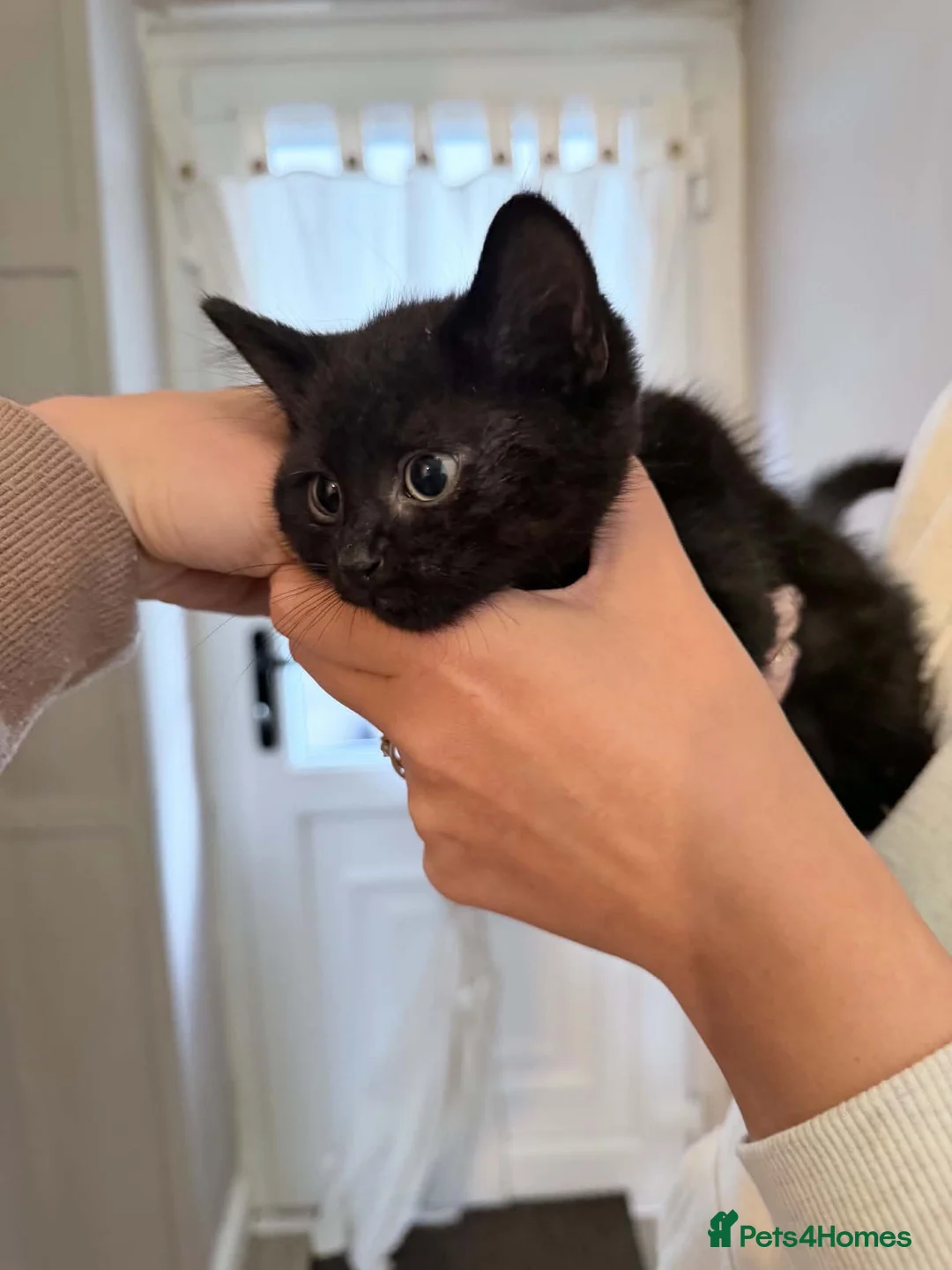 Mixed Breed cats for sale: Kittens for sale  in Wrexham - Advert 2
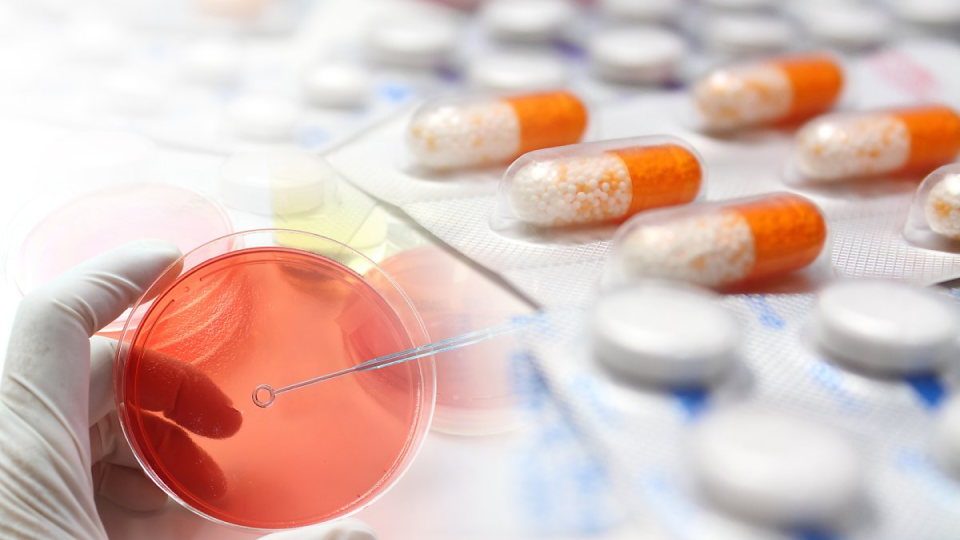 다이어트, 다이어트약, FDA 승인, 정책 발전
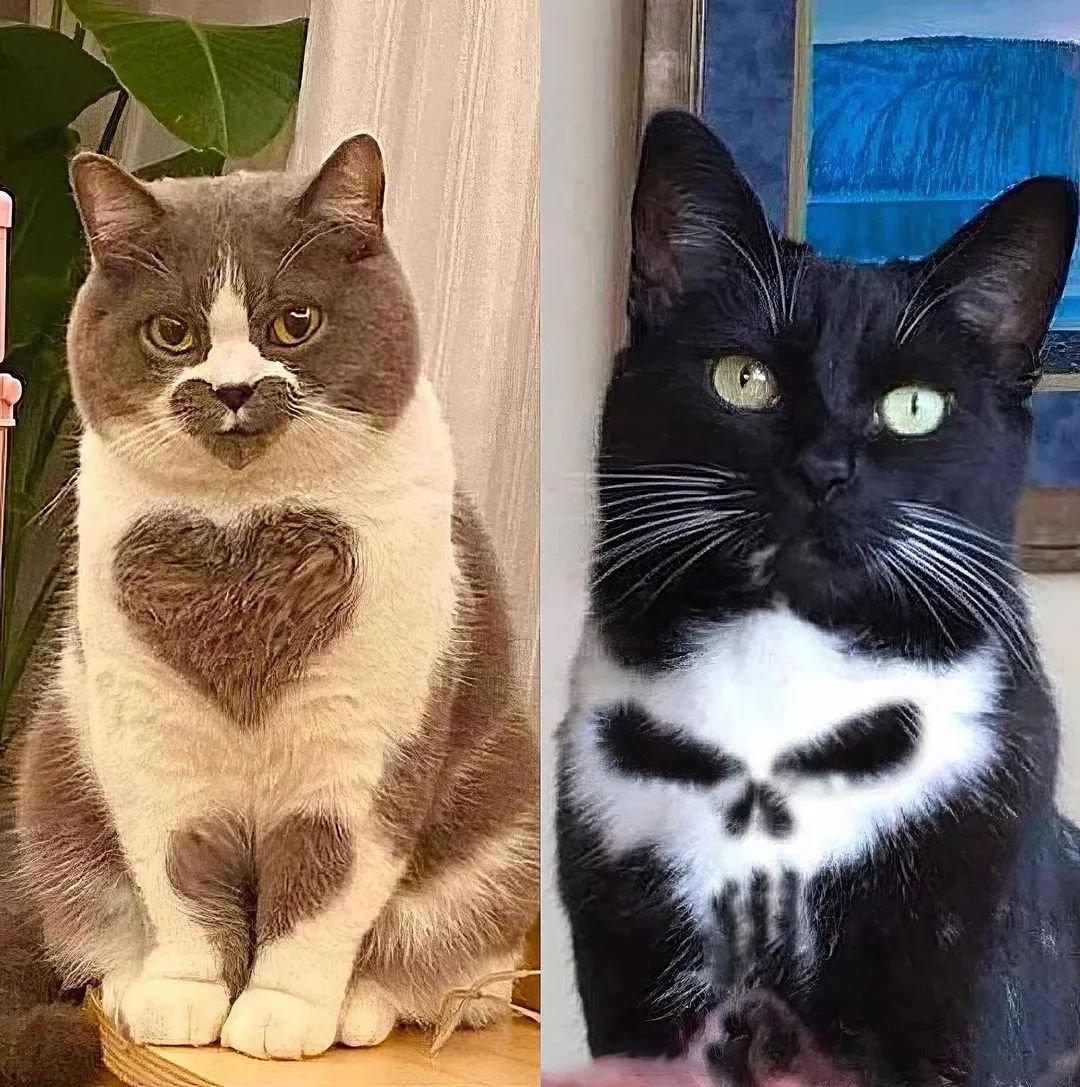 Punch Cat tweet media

**WORK ORDER**
Everything in the listing must be copied exactly except the pictures.

**OUTPUT OF THE TASK**
 Mixed Breed cats for sale: Kittens for sale  in Wrexham - Advert 2
 다이어트, 다이어트약, FDA 승인, 정책 발전
 Punch Cat tweet media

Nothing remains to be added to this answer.